Thanks for that really useful information RoB2, really helpful.

Robotstar5 and tony, I hadn't even thought about the magnet really. Is it really a pain to control? I feel very embarrassed to have to ask, but with magnets I haven't a clue.
 
No worries :).

I'm sorry but I feel like your out of your depth, if you've been in industry a long as you have, you should have delt with setting up simple systems like this up before.


If you give me a couple of days I'll throw a quick drawing together on how I'd do it.
 
You a mind reader RoB? I still don't know what's going where!

And Wooly, 10 years in engineering? This should have been done on the back of a smoke packet in 5 minutes!
 
Fair comments, I suppose.

I was only trying to get things right in ny head.

After 10 years of doing the same monotonous maintenance work, and no design or installation work, I'm sorry if I can't switch into that mode instantly.
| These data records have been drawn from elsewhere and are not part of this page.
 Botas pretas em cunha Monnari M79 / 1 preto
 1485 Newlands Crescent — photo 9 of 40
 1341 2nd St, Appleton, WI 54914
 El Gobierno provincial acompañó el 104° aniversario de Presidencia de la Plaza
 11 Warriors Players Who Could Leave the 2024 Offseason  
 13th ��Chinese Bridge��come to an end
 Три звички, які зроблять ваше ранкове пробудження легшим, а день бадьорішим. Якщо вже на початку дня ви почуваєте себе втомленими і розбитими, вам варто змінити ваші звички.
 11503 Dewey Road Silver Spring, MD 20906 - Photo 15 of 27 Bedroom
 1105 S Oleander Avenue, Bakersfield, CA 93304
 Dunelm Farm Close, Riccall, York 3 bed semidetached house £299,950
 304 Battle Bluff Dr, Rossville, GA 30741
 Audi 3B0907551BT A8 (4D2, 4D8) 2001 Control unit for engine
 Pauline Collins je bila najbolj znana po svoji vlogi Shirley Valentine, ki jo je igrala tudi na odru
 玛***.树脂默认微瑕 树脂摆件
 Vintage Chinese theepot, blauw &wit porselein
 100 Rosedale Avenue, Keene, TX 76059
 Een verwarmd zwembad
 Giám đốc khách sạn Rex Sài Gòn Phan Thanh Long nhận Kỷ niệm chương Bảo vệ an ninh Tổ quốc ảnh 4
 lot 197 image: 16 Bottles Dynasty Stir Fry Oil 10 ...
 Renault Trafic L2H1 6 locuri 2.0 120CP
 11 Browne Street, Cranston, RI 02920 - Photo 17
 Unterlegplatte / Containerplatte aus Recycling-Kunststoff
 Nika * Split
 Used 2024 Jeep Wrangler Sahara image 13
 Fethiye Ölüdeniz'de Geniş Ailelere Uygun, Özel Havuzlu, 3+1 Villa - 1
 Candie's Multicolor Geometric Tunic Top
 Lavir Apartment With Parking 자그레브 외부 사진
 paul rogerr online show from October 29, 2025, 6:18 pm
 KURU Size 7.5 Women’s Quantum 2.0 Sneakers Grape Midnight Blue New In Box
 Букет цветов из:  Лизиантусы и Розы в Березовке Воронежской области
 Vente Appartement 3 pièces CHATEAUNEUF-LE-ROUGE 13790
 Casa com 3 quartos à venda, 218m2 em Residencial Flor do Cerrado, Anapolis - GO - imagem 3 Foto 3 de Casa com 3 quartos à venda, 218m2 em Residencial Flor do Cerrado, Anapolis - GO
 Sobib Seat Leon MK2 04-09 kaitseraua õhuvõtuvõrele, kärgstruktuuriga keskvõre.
Maybe I was a bit quick to ask for help on the conveyor side, but that was mainly for the estop cct, and the more I've looked into it, the more I seemed to have overanalysed it and over complicated it, mainly due to worries about safety.

Think what you like about my ability, I'm just very rusty after years of not using my brain, and I know I am more than capable of understanding what's going on.

Except, not when it comes to magnet control.

I know I sound like a dimwit, but I rather ask a stupid question and be happy that I'm on the right lines, than not ask and be cocky and do it all wrong.

Thanks for all comments so far, good or bad.
 
As RS said and I was hinting at, when you break the magnet circuit you have to contend with the power of the colapsing magetic field. An easy way around this is a diode across the output to the magnet to divert the power. It's fitted +ve to +ve so normally it doesn't conduct. when the circuit is broken the polarity reverses and diverts through the diode. Hence it's name, reverse bias diode. The diode should be rated aprox 2 X the normal running current.